ASSIGNED TASK:
Output the listing exactly as written, apart from its pictures.

DATA SEGMENT:
=== Begin Enclosure ===
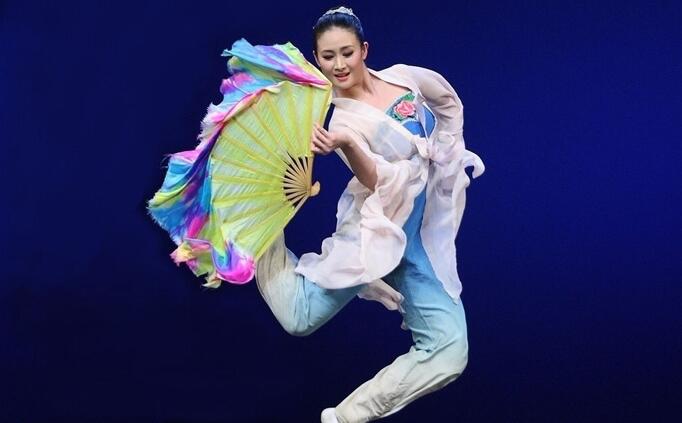 王亚彬个人资料介绍父母背景(王亚彬个人简历)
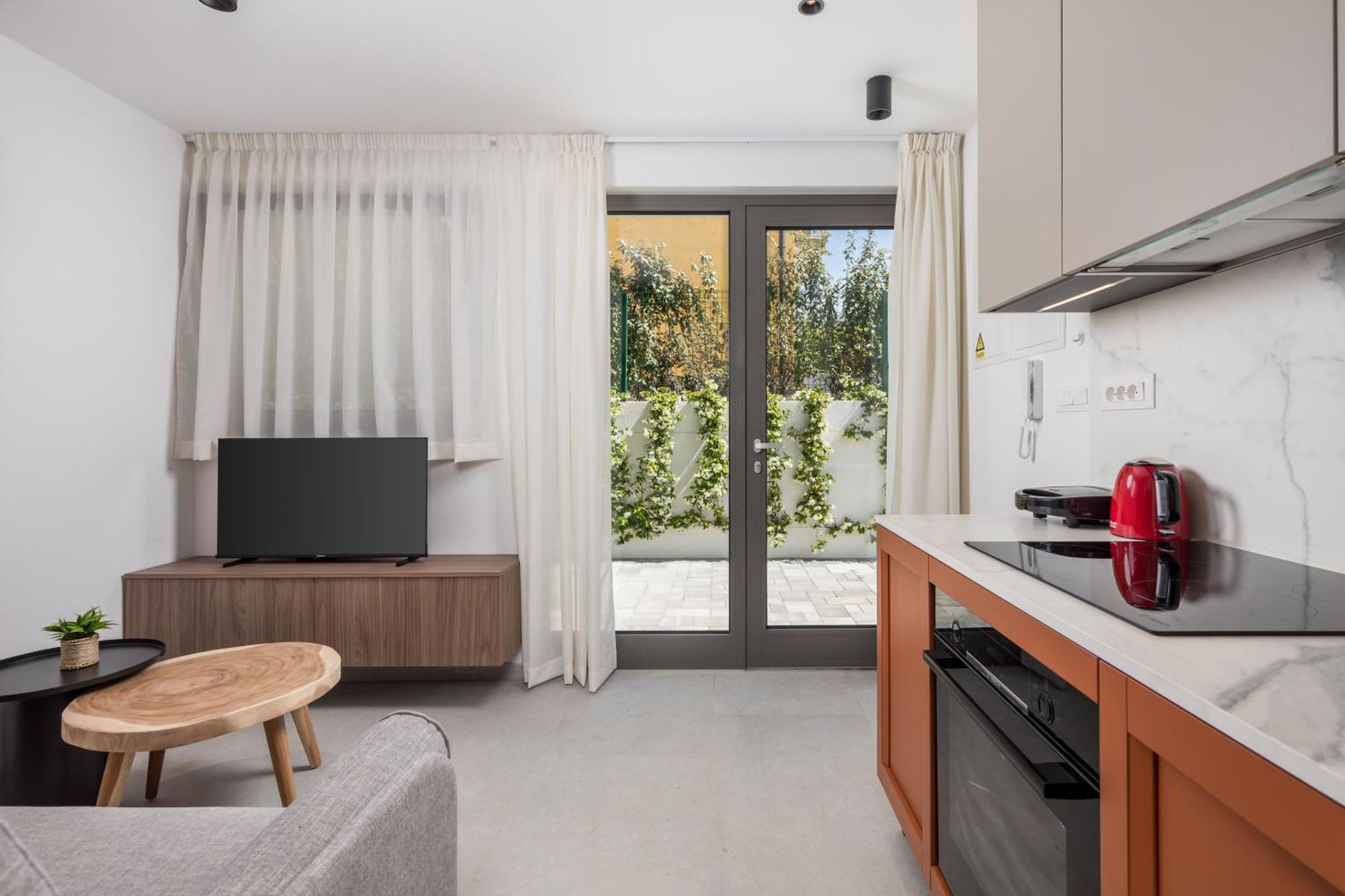 Apartmani Vila Mara M 1 Heated Pool Omišalj Exterior foto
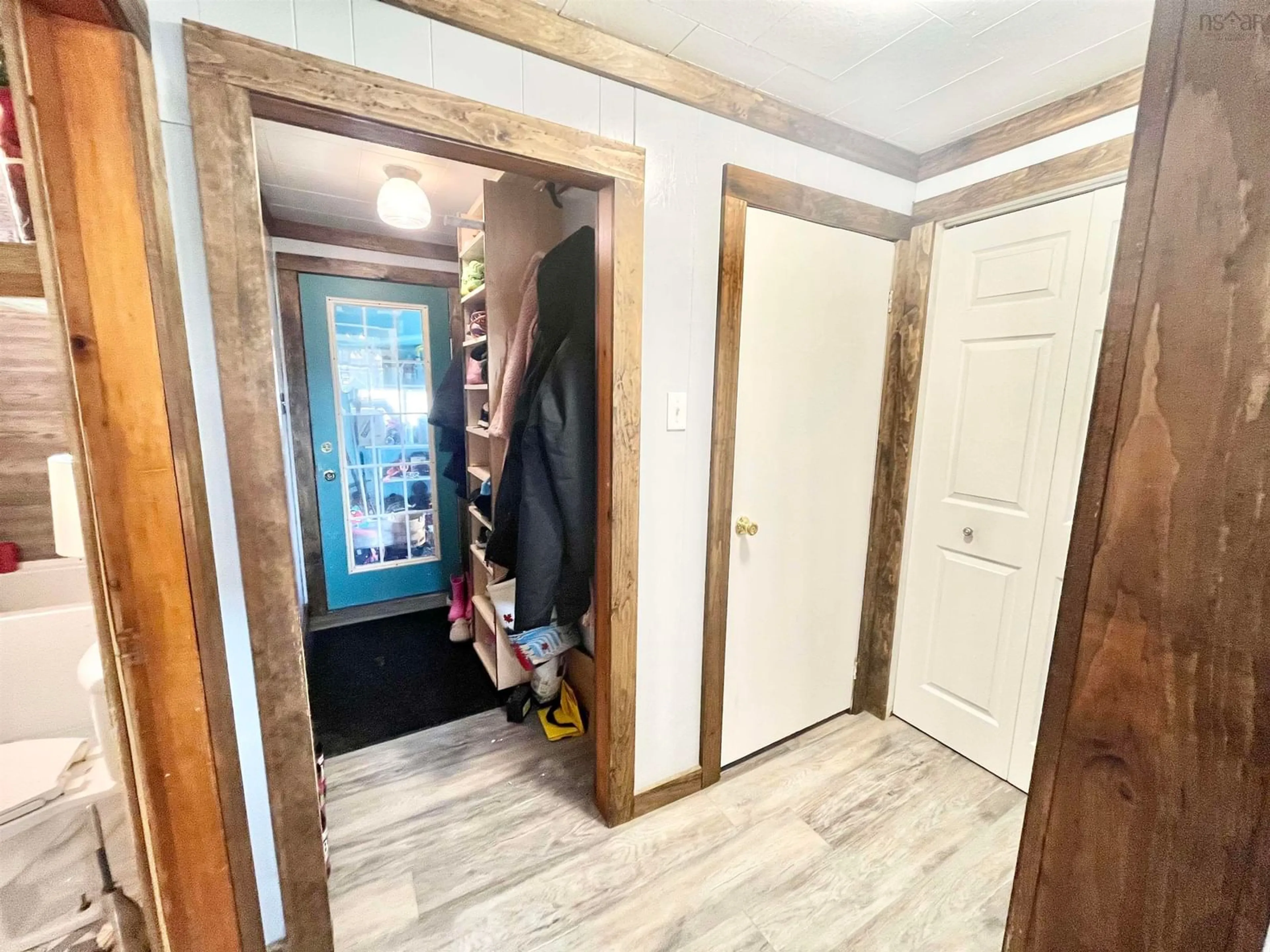 Indoor entryway for 2645 Main St, Clark's Harbour Nova Scotia B0W 1P0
=== End Enclosure ===
ANSWER TO THIS PROBLEM:
 王亚彬个人资料介绍父母背景(王亚彬个人简历)
 Apartmani Vila Mara M 1 Heated Pool Omišalj Exterior foto
 Indoor entryway for 2645 Main St, Clark's Harbour Nova Scotia B0W 1P0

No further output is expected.